Bessarabien
Bessarabien (rumänisch "Basarabia") in Südosteuropa war zwischen 1812-1940 die offizielle Bezeichnung für einen Landesteil des russischen Zarenreichs und später Name einer rumänischen Provinz. Bessarabien ist eine historische Bezeichnung und besteht heute nicht mehr als eigenständiges Gebiet, sondern ist Teil des Staatsgebietes der Ukraine und Moldawiens.
Name
Der Begriff Bessarabien (rumänisch "Basarabia") leitet sich vom walachischen Fürstengeschlecht Basarab ab, das dort im 13. Jahrhundert und 14. Jahrhundert herrschte, und hat nichts mit "Arabien" zu tun. Der Name "Bessarabien" erschien erstmals als selbständige Gebietsbezeichnung auf Landkarten des ausgehenden 18. Jahrhunderts.
Geographie
Bessarabien ist ein Übergangsland zwischen den Karpaten und der osteuropäischen Steppe. Die Fläche beträgt bei einer Ausdehnung von ca. 450 km × 100 km rund 45.000 km². Das südliche Drittel des Landstrichs Bessarabien gehört heute zur Ukraine. Die nördlichen zwei Drittel sind heute Teil von Moldawien und machen den Hauptteil des Staatsgebietes aus.

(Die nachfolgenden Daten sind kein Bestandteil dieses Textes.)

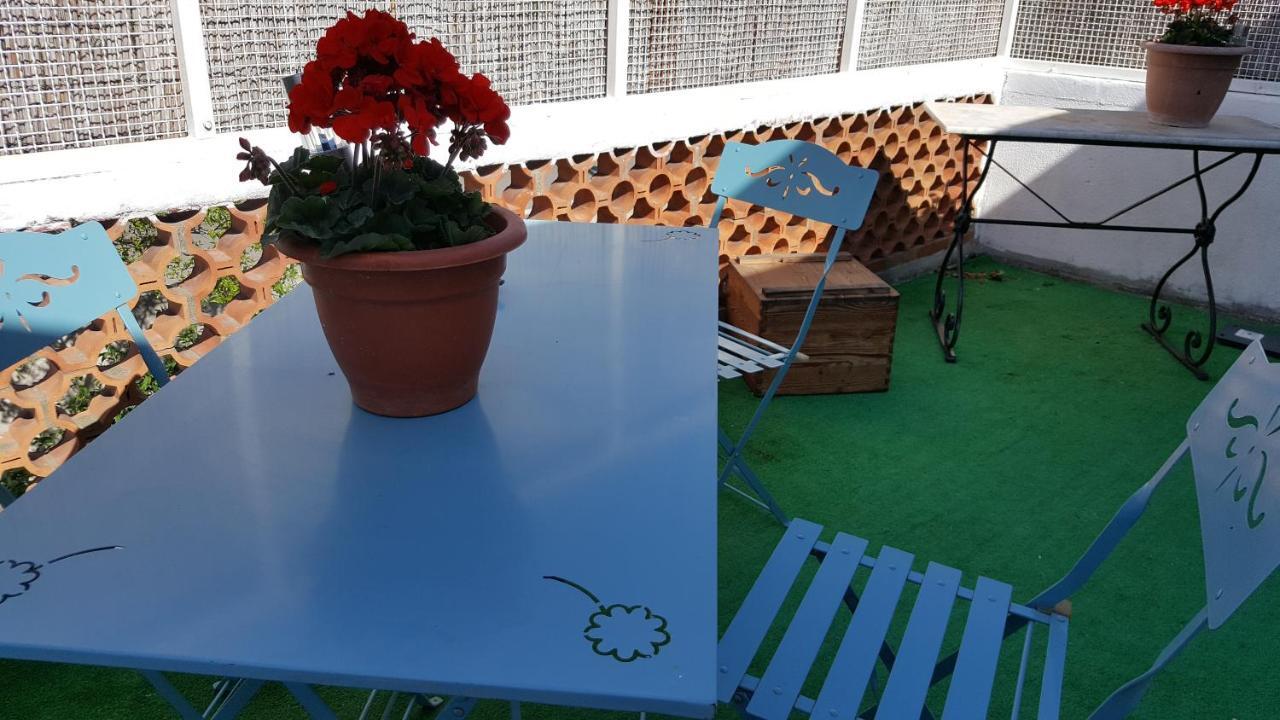 Appartement Avec Terrasse Quartier Montplaisir Arles Esterno foto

Das Gebiet liegt zwischen den Flüssen Pruth im Westen und Dnjestr im Osten. Im Süden ist es vom Schwarzen Meer begrenzt. Der Landschaftscharakter ist im Süden hügelig-wellig und baumfrei, im Norden mit den Ausläufern der Karpaten wald- und gebirgsreicher. Alle Flüsse fließen bei geringem Gefälle in südöstliche Richtung und münden ins Schwarze Meer. Im Sommer fallen die kleinen (Steppen-)Flüsse fast trocken.
Klima
Das Klima des Gebietes ist kontinental, mit trockenheißen Sommern und kalten Wintern. Im Süden herrscht ein Steppenklima mit geringen Niederschlägen (300 mm), was zu Missernten in der Landwirtschaft führen kann. Im Norden sind 600 mm Niederschlag üblich.
Landwirtschaft
Bessarabien war eine von Wein-, Mais- und Obstanbau geprägte Landschaft mit fruchtbarem Ackerboden. Der größte Teil Bessarabiens lag auf fruchbarem Schwarzerdeboden, der bis zu 5 m dicke Schichten bildete.
Geschichte
Frühzeit und Mittelalter
Das älteste Volk auf bessarabischem Gebiet waren die Skythen im 6. Jahrhundert v. Chr. Noch in vorchristlicher Zeit gründeten auch Griechen und Phönizier Kolonien an der Schwarzmeerküste. Ab dem 1. Jahrhundert v. Chr. war Bessarabien Teil des Reiches Dacia. Im 1. Jahrhundert eroberte das Römische Reich Teile des Landes. Ihm wird die Sicherung des Landes durch den Trajanwall zugeschrieben. In der Völkerwanderungszeit zwischen dem 3.-11. Jahrhundert war Bessarabien Durchzugsgebiet von Wandervölkern, darunter Goten, Hunnen, Awaren, Madjaren. Im 13. Jahrhundert ließen sich Tartaren der Goldenen Horde am nördlichen Schwarzmeer nieder. Im Einflussbereich des Osmanischen Reichs war Bessarabien größtenteils zwischen dem 14. und 18. Jahrhundert.
Im Mittelalter waren verschiedene walachische und moldauische Fürsten, darunter Negru Vodä Basarab und Ladislas Basarab, recht einflussreich. Sie beherrschten im 13. und 14. Jahrhundert rund 150 Jahre lang das Gebiet. Kontakte unterhielten sie mit der Kiewer Rus, mit Ungarn und Polen.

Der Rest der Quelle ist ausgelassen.